Creo que no yerro si digo que unos cuantos espectadores de mi generación quedamos cautivados por los diálogos (y la película, claro) de Arma letal (1987), escrita por Shane Black y dirigida por Richard Donner. Aquellas conversaciones tensas, sobre todo las que mantenían Riggs (Mel Gibson) y Murtaugh (Danny Glover), nos devolvían a la etapa dorada del cine policiaco de los 70 y también a las novelas de género negro que algunos críticos habían denostado por considerarlas de menor calidad. El propio Shane Black ha escrito (y dirigido, en algunas ocasiones) historias parecidas, donde el rifirrafe entre los protagonistas es continuo, como un partido de tenis de oradores: véanse El último gran héroe, Kiss Kiss, Bang Bang o Dos buenos tipos). No sería arriesgado decir que Black ha tomado el testigo de varios de los grandes, caso de Elmore Leonard o James Ellroy, por citar dos maestros del diálogo rápido. No he logrado averiguar si, entre sus influencias, se encuentra esta novela de Clarence Cooper Jr., La Escena, que Sajalín Editores publicó hace unas semanas con traducción de Guido Sender. Pero no me sorprendería.
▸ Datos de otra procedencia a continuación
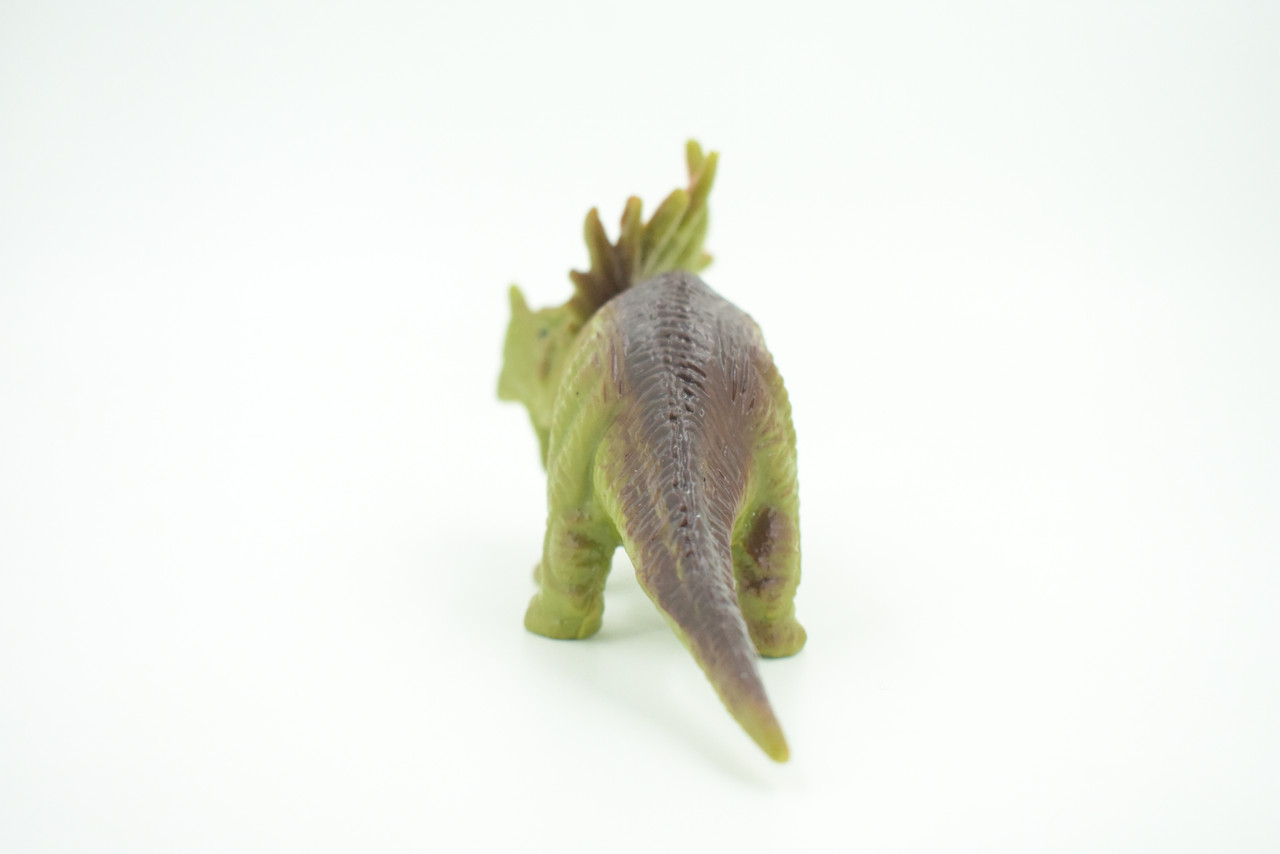 Dinosaur, Triceratops, Stretchable, Squishy, Squeezable, Very nice Soft Rubber Reptile, Educational, Realistic, Hand Painted, Figure,  Gift,    6"     US11 B59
Es como si primero estuviera La Escena, y de ahí (en parte) surgiera Arma letal, y de rebote avanzáramos hasta The Wire.

Como en la citada serie de David Simon, esta novela de Cooper refleja tanto las situaciones en las que se ven envueltos los camellos de baja estofa y los traficantes de mayor nivel como las rutinas y los peligros que atañen a los detectives que se encargan de patear las calles, husmear en tugurios e interrogar a los sospechosos. Pero son los diálogos entre Mance Davis y Virgil Patterson, dos policías afros, uno veterano y el otro recién llegado, los que nos remiten a las broncas que Gibson y Glover sostenían en aquella joya del cine de acción de los 80, o a los momentos en que Ethan Hawke y Denzel Washington se enfrentaban dialécticamente en Día de entrenamiento. Las charlas que el veterano Patterson le suelta al joven Davis nos traen a la memoria esas y otras películas. Veamos un ejemplo de lo que dice Patterson: Si no creyera que tienes madera para ser un buen policía de estupefacientes, hace tiempo que te habría destruido. Me alegro de haber esperado. Me alegro de haber descubierto de qué pasta estás hecho. Eres un cabrón y un listillo, y nada de lo que veo en ti me gusta, ni tus trajes elegantes de profesional acreditado ni tu pelo al rape de negro. Eres demasiado correcto. Así que, hermano, toma tu condenado traslado y métetelo por donde te quepa mejor, ¡pero mientras estés conmigo te voy a hacer sudar la gota gorda!

La Escena fue publicada en 1960, pero es como si la hubieran escrito hoy mismo. Insisto en que no sé si aquellos guionistas y cineastas leyeron a Clarence Cooper, pero no me sorprendería (igual que, por ejemplo, Quentin Tarantino se había inspirado en Edward Bunker para algunas de sus películas). Cooper sabía de lo que hablaba porque él mismo se inyectaba heroína, es decir que estaba metido en la mierda hasta el cuello. También estuvo una temporada a la sombra, entre rejas. En la solapa del libro pone: "Clarence Cooper Jr. murió solo y con los bolsillos vacíos en la YMCA de la Veintitrés de Nueva York". Sin duda, un final tristísimo para alguien que tenía talento para desplegar a estos personajes por La Escena, es decir, la zona urbana por donde pululan los detectives y los camellos. Igual que sucedía en The Wire, los miembros de la ley saben que no basta con limpiar las calles de pequeños traficantes para mantener contentos a los jefes y a los votantes: el requisito imprescindible es capturar a los de arriba, a los que mueven las grandes cantidades de droga y de dinero y manejan a sus empleados como marionetas que mueren jóvenes en las calles o en las prisiones. Léanla ya mismo.